A referral can be triggered for products belonging to any therapeutic class, including both established and innovative medicines. Results of referral procedures contribute towards an optimised use of medicinal products. For instance, they have recently led to new recommendations to minimise the risk of diabetic ketoacidosis in patients taking sodium-glucose co-transporter 2 inhibitors, the risk of progressive multifocal leukoencephalopathy in patients taking Tysabri® (natalizumab) or the risk of serious infections in patients treated with Zydelig® (idelalisib).

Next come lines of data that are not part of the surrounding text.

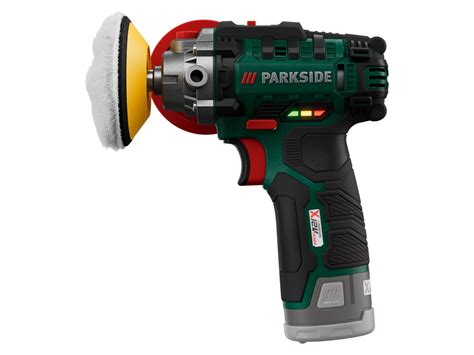 PARKSIDE Polisseuse Sans Fil PAAP 12 C3 12 V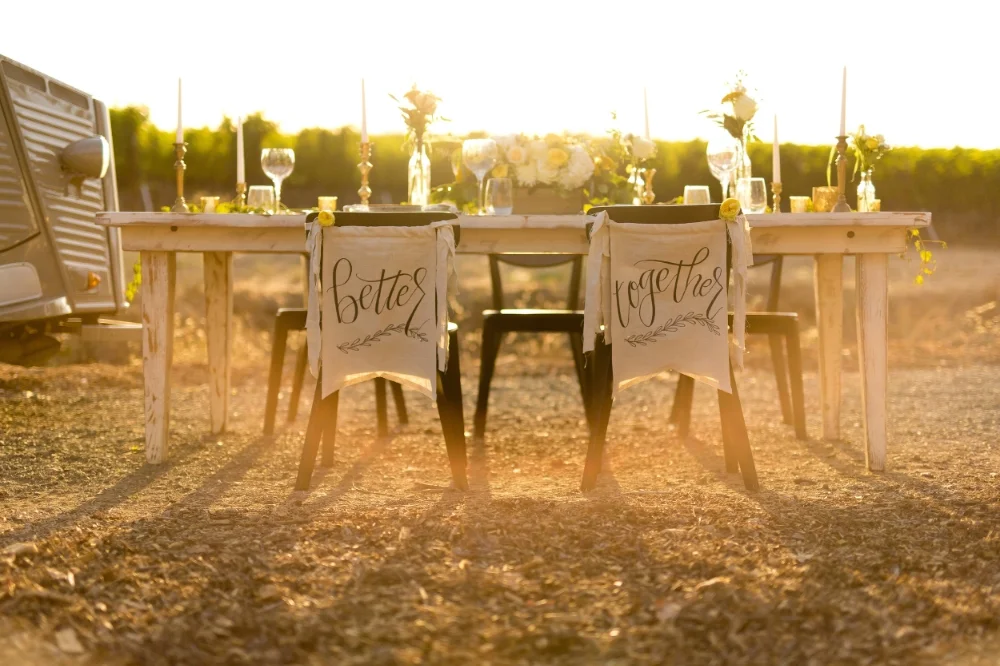 Summer Wedding Design + Planning // ROQUE Napa Events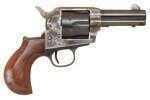 Cimarron Thunderer Revolver 357 Magnum 3-1/2" Barrel Case Hardened Frame 1-Piece Smooth Walnut Grip Standard Blued Pistol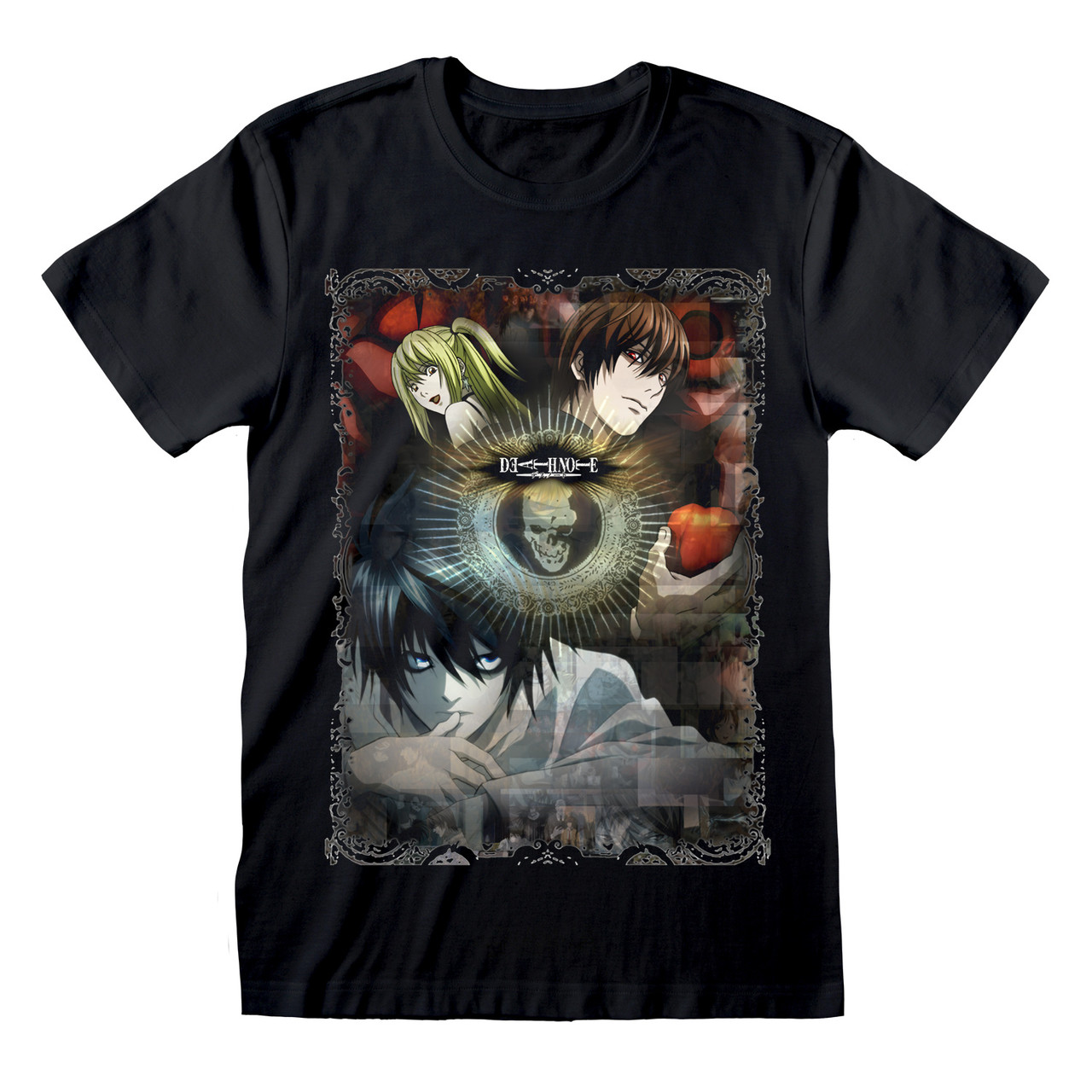 Death Note 'Poster' (Black) T-Shirt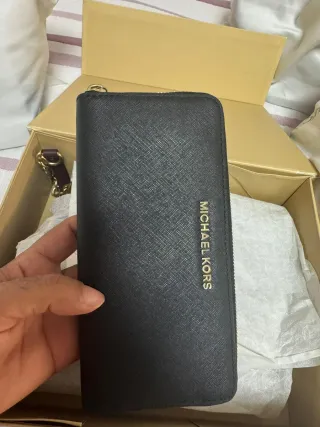 Cartera Michael Kors Negra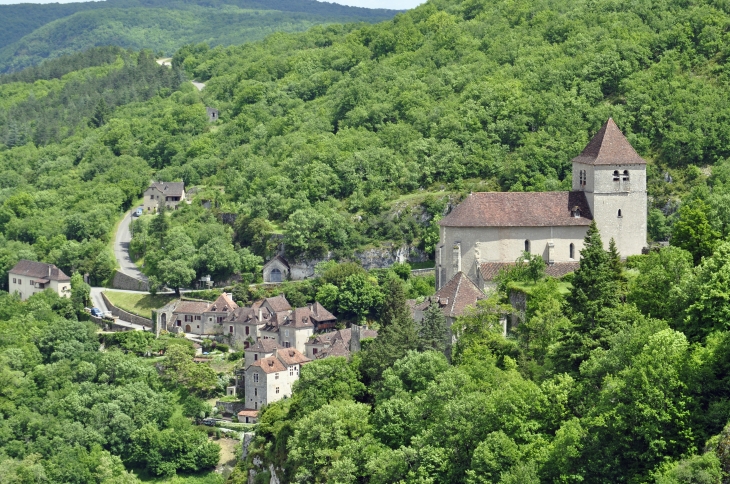 SAINT CIRQ LAPOPIE - Saint-Cirq-Lapopie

Information on the commencement of the referral, the timetable, list of affected products and questions for the MAHs is promptly published on the EMA’s website [38], thus allowing real-time transparency. Relevant MAHs are notified and asked to contribute to the referral, including the provision of data and information for the PRAC’s assessment.

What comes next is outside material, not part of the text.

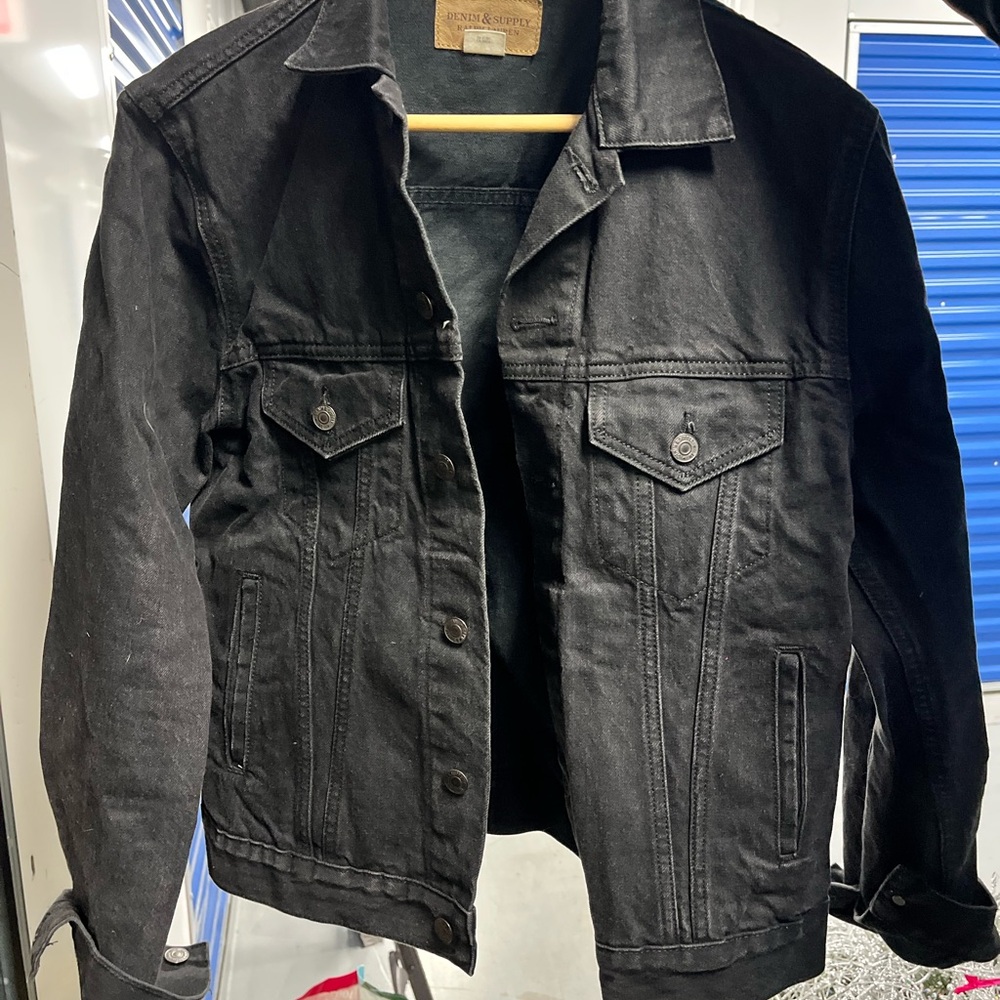 Denim & Supply Ralph Lauren Black Jacket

The PRAC recommendation on the safety issue is then forwarded to the Committee for Medicinal Products for Human Use for opinion or, if no CAPs is involved, to the Coordination Group for Mutual Recognition and Decentralised Procedures—Human for its agreement. Once the evaluation is concluded, the PRAC assessment report outlining the outcome of the referral procedure is also published on the EMA website.

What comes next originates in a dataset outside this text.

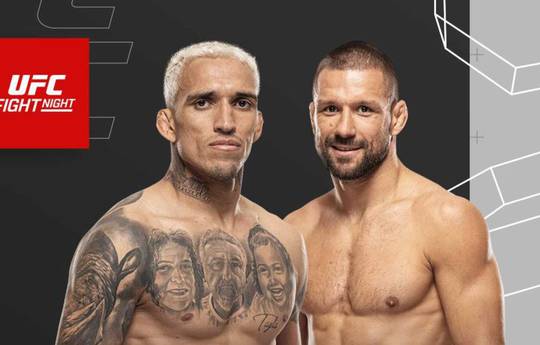 UFC Fight Night 261: Oliveira vs Gamrot - Date, Start time, Fight Card, Location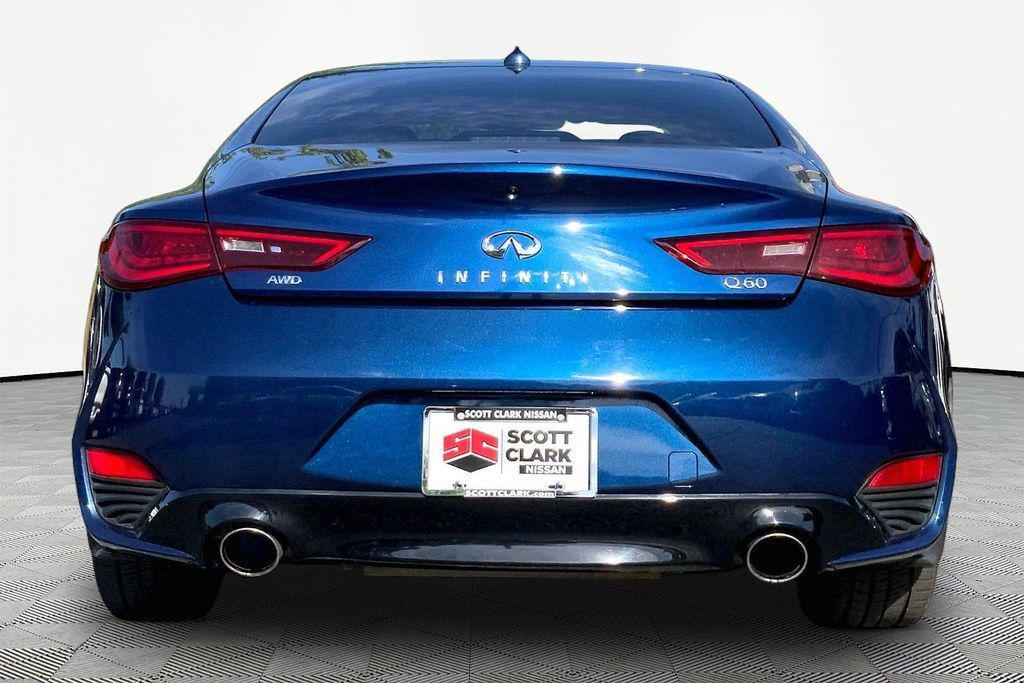 used 2019 INFINITI Q60 car, priced at $15,750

Safety referrals are a very effective pharmacovigilance instrument to coordinate a thorough and timely review of the safety of products including those authorised via different procedures. Referrals result in a harmonised position across the EU, ratified by a decision that is immediately implementable and legally binding for all the MSs.

Taking Regulatory Action

Within the scope of its mandate as a statutory committee, the PRAC may recommend different regulatory actions, as a result of the evaluation of a safety issue and based on its urgency, seriousness and public health impact. These have the objective to prevent or minimise harm from ADRs and enable the safe and effective use of medicinal products. These risk minimisation measures aim to provide information for patients and practitioners, or to restrict the use of the medicine.

For instance, the PRAC may recommend an update of the product information (e.g. to include a particular ADR, to require to perform a patient monitoring test or to introduce a new warning or contraindication), with the objective to increase awareness of specific ADRs. Alternatively, the PRAC may recommend other routine risk minimisation measures (e.g. controlling the number of dosage units, modifying the legal status of the medicine, or restricting its administration to hospitals or particular HCPs), when it is deemed that restricting access to the medicine will minimise the occurrence of an ADR. Additionally, the PRAC may recommend specific communication measures, for example, a DHPC or other additional risk minimisation activities [39] such as the setting up of a HCP/patients’ educational programme or of a pregnancy prevention programme, when for instance a product displays a potential teratogenic effect and it is essential to minimise the occurrence of pregnancy during exposure. In the most serious cases, when the benefit–risk balance for a medicine is considered to have become negative and warnings and restrictions are judged not to be sufficient, the PRAC may recommend the suspension or revocation of the marketing authorisation, leading to product withdrawal from the market.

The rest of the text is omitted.